The independent variables analyzed in this study and subsequently included in the multivariate model were chosen based largely on earlier empirical studies (cited in the text), which showed significant associations with the key analytic variable, bachelor’s degree attainment. Before conducting the study, a detailed analysis plan was reviewed by a Technical Review Panel (TRP) of experts in the field of higher education research and additional independent variables requested by the TRP were considered for inclusion. The analysis plan listed all the independent variables to be included in the study. The TRP also reviewed the preliminary results as well as the first draft of this report.
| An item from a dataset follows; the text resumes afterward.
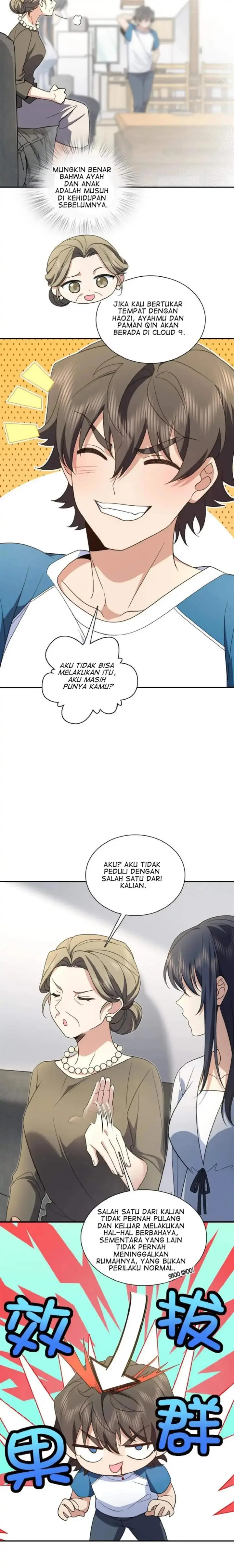 image-komik-my-wife-is-from-a-thousand-years-ago-chapter-132-11/17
The analysis plan and subsequent report were modified based on TRP comments and criticism.

Missing Data and Adjusting for Complex Sample Design

The DAS computes the correlation matrix using pairwise missing values. In regression analysis, there are several common approaches to the problem of missing data. The two simplest approaches are pairwise deletion of missing data and listwise deletion of missing data. In pairwise deletion, each correlation is calculated using all of the cases for the two relevant variables. For example, suppose you have a regression analysis that uses variables X1, X2, and X3. The regression is based on the correlation matrix between X1, X2, and X3. In pairwise deletion, the correlation between X1 and X2 is based on the nonmissing cases for X1 and X2. Cases missing on either X1 or X2 would be excluded from the calculation of the correlation. In listwise deletion, the correlation between X1 and X2 would be based on the nonmissing values for X1, X2, and X3. That is, all of the cases with missing data on any of the three variables would be excluded from the analysis.
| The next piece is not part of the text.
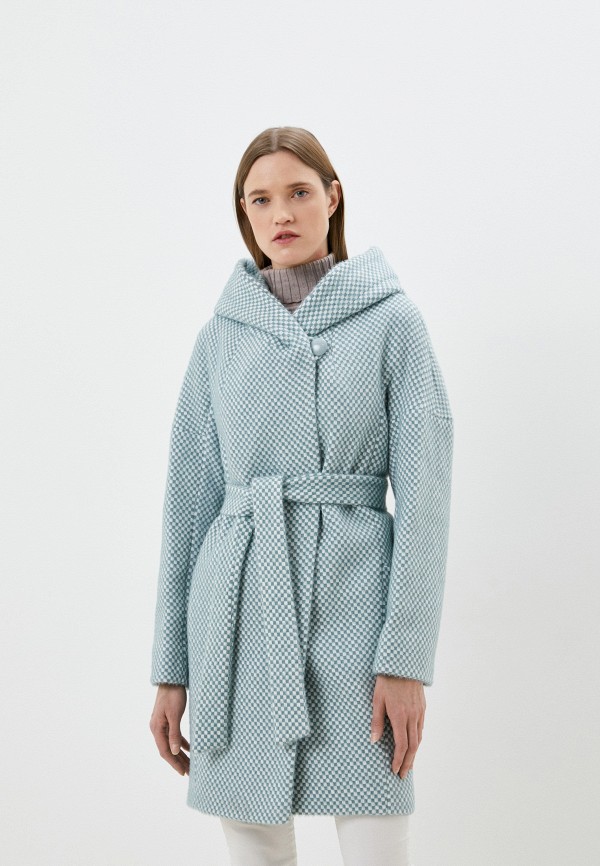 фото Пальто meltem collection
The correlation matrix produced by the DAS can be used by most statistical software packages as the input data for least squares regression. The DAS provides either the SPSS or SAS code necessary to run least squares regression models. The DAS also provides additional information to incorporate the complex sample design into the statistical significance tests of the parameter estimates. Most statistical software packages assume simple random sampling when computing standard errors of parameter estimates. Because of the complex sampling design used for the survey, this assumption is incorrect. A better approximation of their standard errors is to multiply each standard error by the design effect associated with the dependent variable (DEFT),11 where the DEFT is the ratio of the true standard error to the standard error computed under the assumption of simple random sampling. The DEFT is calculated by the DAS and displayed with the correlation matrix output.

Interpreting the Results

The least squares regression coefficients displayed in the regression tables in this report are expressed as percentages. Significant coefficients represent the observed differences that remain between the analysis group (such as students whose parents had a bachelor’s or higher degree) and the comparison group (i.e., first-generation students) after controlling for the relationships of all the selected independent variables. For example, in table 15, the least squares coefficient for students whose parents had a bachelor’s or higher degree is 8.1. This means that compared to first-generation students, roughly 8 percent more of the group whose parents had a bachelor’s or higher degree would be expected to attain a bachelor’s degree, after controlling for the relationships among all the other independent variables.